Westlicher Revisionismus und
arabisch-islamischer Revisionismus
Von Jens
Heibach
Trotz des hier bislang undifferenziert gebrauchten und eher
allgemein gehaltenen Terminus "Revisionismus" für die Auswüchse
westlicher und arabisch-islamischer Vertreter dieses Genres ist es
notwendig, zwischen den genauen Vorstellungen und Ziele beider
Seiten zu unterscheiden.
Während es das
Hauptziel der Revisionisten hierzulande ist, über die Leugnung der
Shoah zu einer Befreiung von der Last der Erinnerung, Verantwortung
und Schuld zu gelangen und aus dieser rückgewonnenen moralischen
Stärke neue Schichten von Rechtsextremen zu rekrutieren, stellt sich
die Frage, welche konkreten Absichten europäische Revisionisten mit
ihrem nahöstlichen Engagement verfolgen. Sieht man einmal von einer
Befriedigung von Eitelkeiten ab, dürften die Interviews in
nahöstlichen Medien doch zur Steigerung der eigenen Reputation
beitragen und zumindest eine leichte Rückwirkung auf Ansehen und
Bekanntheitsgrad im Heimatland haben.

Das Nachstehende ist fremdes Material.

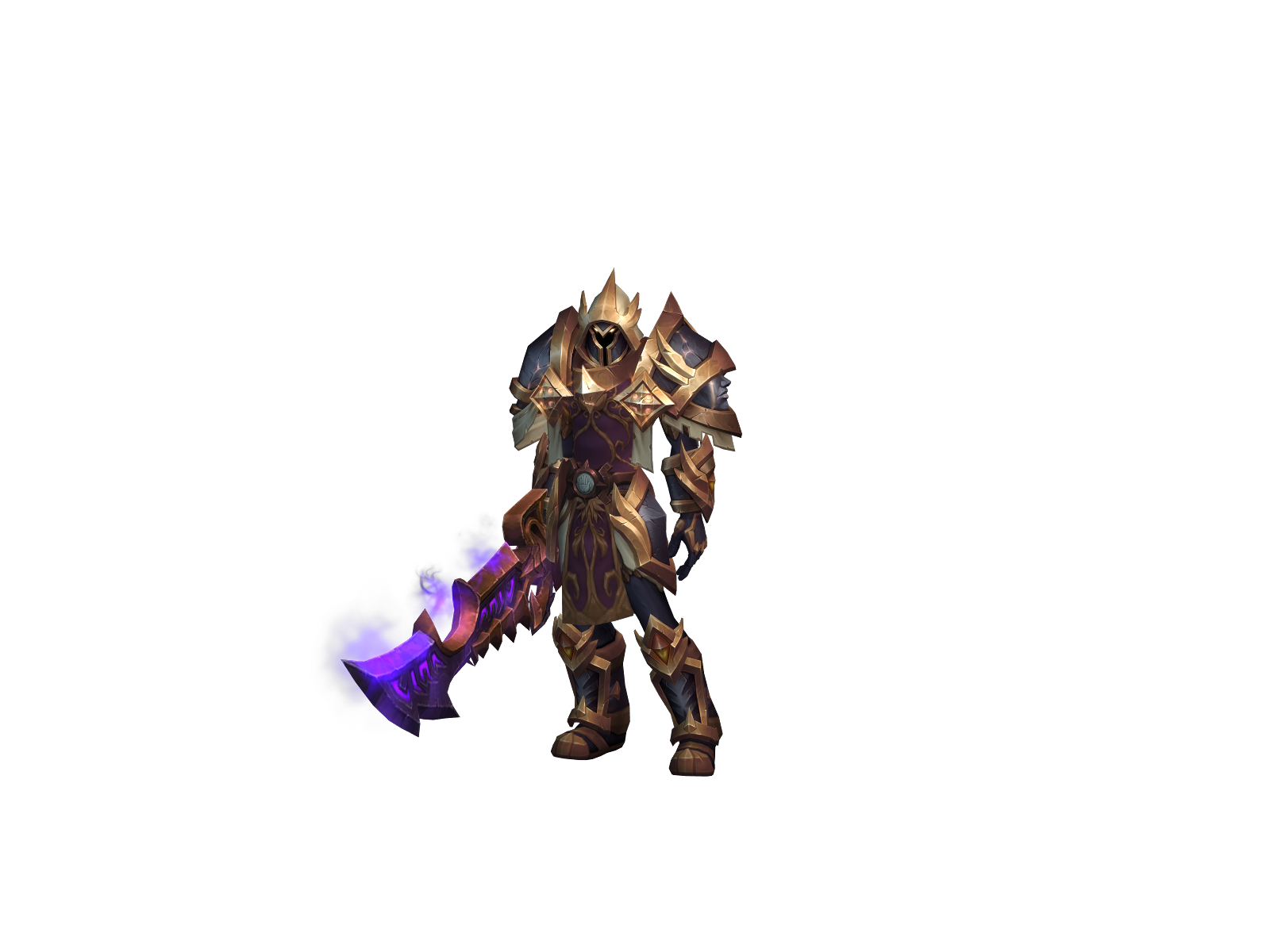 Kadewin 3D character render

Die Expansion des westlichen
Revisionismus dürfte an die Hoffnungen finanzieller Unterstützung
geknüpft sein, die – wie am Beispiel Iran ersichtlich wird – nicht
ganz unbegründet sind. Gleichzeitig wird man hoffen, dass sich eine
gesteigerte Akzeptanz durch die Präsenz in islamischen Ländern
förderlich auf eine partiell angestrebte Allianz zwischen
Rechtsextremisten und islamistischen Gruppierungen in Europa
auswirkt. Und letzten Endes ist alles, was zur Schürung des
arabischen Antisemitismus beiträgt und sich gegen das verhasste
Israel richtet, aus rechtsextremer und revisionistischer Sicht
begrüßenswert.
Das Hauptziel des
Revisionismus von arabischer Seite hingegen ist die Delegitimierung
des Existenzrechts Israels. Hierzu wird die Shoah als
Gründungsmythos des Staates Israel dargestellt und schlichtweg
geleugnet und/oder verharmlost. Die Grundlage der Akzeptanz des
Revisionismus in der arabischen Bevölkerung bilden wiederum der
dortige Antisemitismus. Dieser speist sich aus einem Antijudaismus,
der in traditionellen islamischen Quellen begründet liegt, aus
antisemitischen Stereotypen europäischen und christlichen Ursprungs
und gipfelt schließlich in der Gleichsetzung des Zionismus mit dem
Nationalsozialismus.
Sofern
überhaupt schon von einem speziellen arabischen Revisionismus
gesprochen werden kann, erfährt diese arabische Variante eine
leichte Abwandlung. Ausgesprochen aktiv bei der Schaffung eines
arabischen Revisionismus zeigt sich die Gruppe um den Jordanier
Ibrahim Alloush, (1) die ja bekanntlich
die Schaffung eines "Arab Committee of Historical Revisionism" zum
Abschluss der Amman-Konferenz anregte. In seinem Aufsatz in der
revisionistischen Zeitschrift VffG (2)
verdeutlicht er seine Vorstellungen zur spezifischen arabischen
Stoßrichtung. Hierin schreibt er: "So
bemerkte ich zum Beispiel bei der Lektüre der Literatur vieler
revisionistischer Historiker, dass sie der Rolle und dem Interesse
westlicher Regierungen, den "Holocaust"-Mythos gewaltsam
aufrechtzuerhalten, nicht genügend Aufmerksamkeit schenken. Das
Dilemma könnte man wie folgt beschreiben: wenn wir darin
übereinstimmen, dass der Tod von Juden während des Zweiten
Weltkrieges weder einzigartig noch unvergleichbar ist, und wenn wir
darin übereinstimmen, dass die Zahlen massiv übertrieben wurden und
dass die Gaskammern nicht zur Tötung von Juden verwendet wurden,
sondern zur Ausmerzung von Seuchen, so stellt sich doch eine
wichtige Frage: Warum sind die Juden dann nach Palästina
gekommen? Es ist tatsächlich historisch nachgewiesen, dass die
europäischen Kolonialmächte die Einwanderung von Juden in ihre
Länder verhinderten, so dass die Juden statt dessen nach Palästina
gingen. Warum geschah dies?" [Hervorh. i.O.]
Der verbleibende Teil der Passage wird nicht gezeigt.